Автор готов нести ответственность за издательство ЗИФ, которое не договорилось с переводчиками Горнфельдом и Карякиным. Но он не хочет носить солидную литературную шубу. Лучше в одном пид­жачке бегать по бульварным кольцам зимней Москвы, лишь бы не видеть освещенные иудины окна писательского дома на Тверском бульваре и не слышать звона сребреников и счета печатных листов.

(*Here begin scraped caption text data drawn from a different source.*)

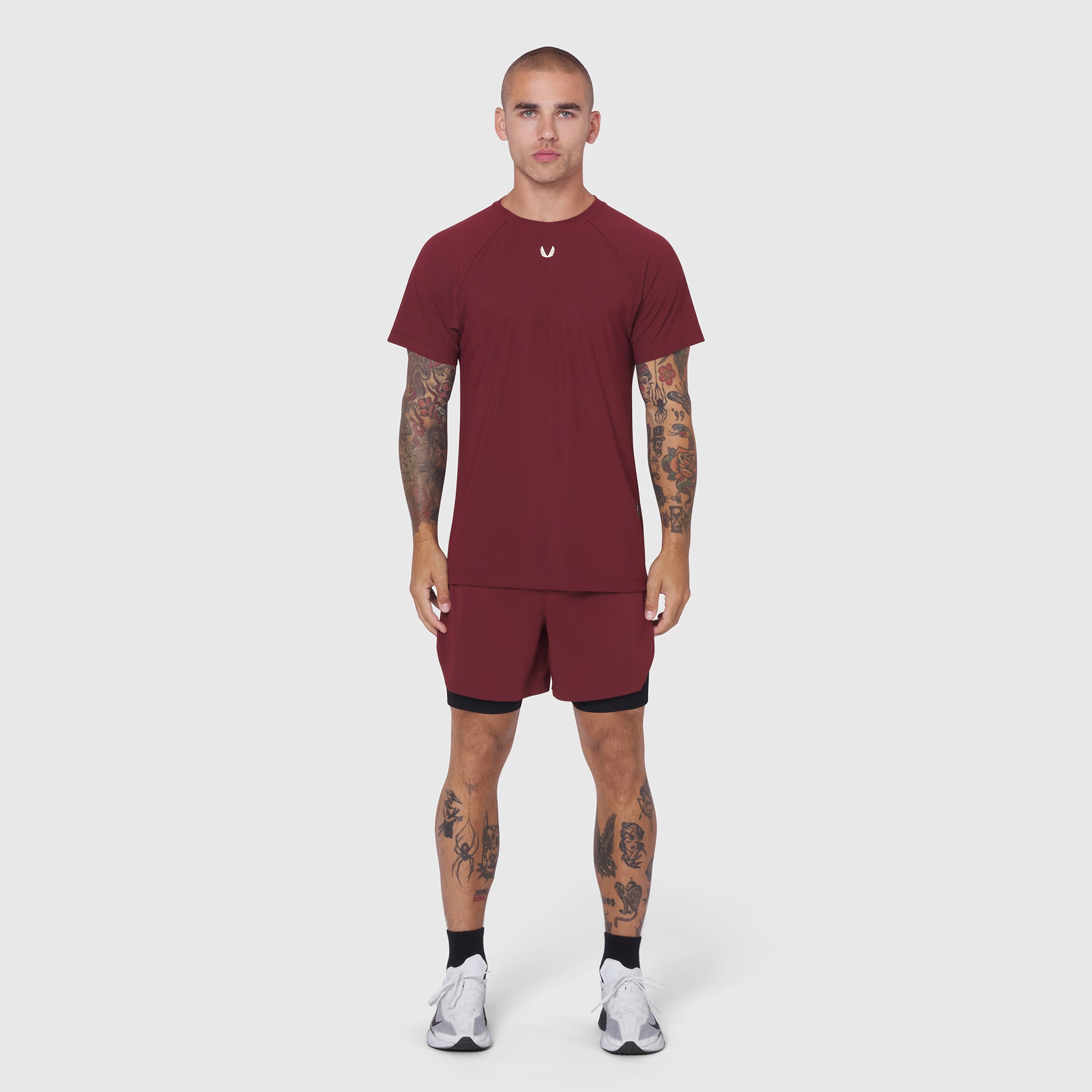 Laser-Vent Training Tee in crimson worn with matching shorts, front view on model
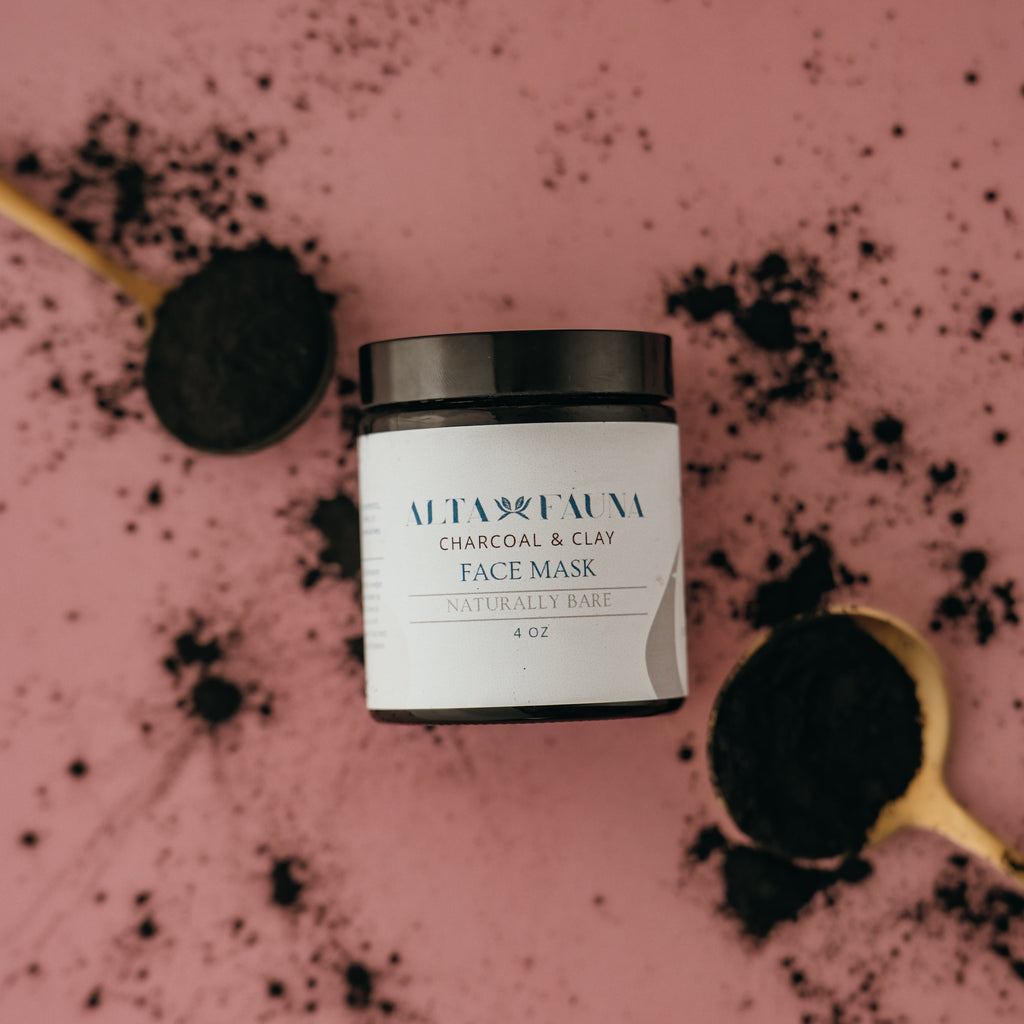 Alta Fauna charcoal and clay face mask jar next to a spoon with black powder on a pink background.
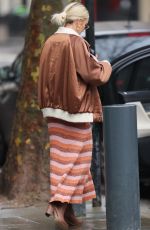 ASHLEY ROBERTS Arrives at Heart Radio in London 01/12/2021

Для автора в бублике ценна дырка, а в труде — брюссельское кру­жево, потому что главное в брюссельском кружеве — воздух, на ко­тором держится узор. Поэтому его поэтический труд всеми воспринимается как озорство. Но он на это согласен. Библией труда он считает рассказы Зощенко — единственного человека, который показал трудящегося и которого за это втоптали в грязь. Вот у кого брюссельское кружево живет!

Ночью по Ильинке ходят анекдоты: Ленин с Троцким, два еврея, немец-шарманщик, армяне из города Эривани...

«А в Армавире на городском гербе написано: собака лает, ветер носит».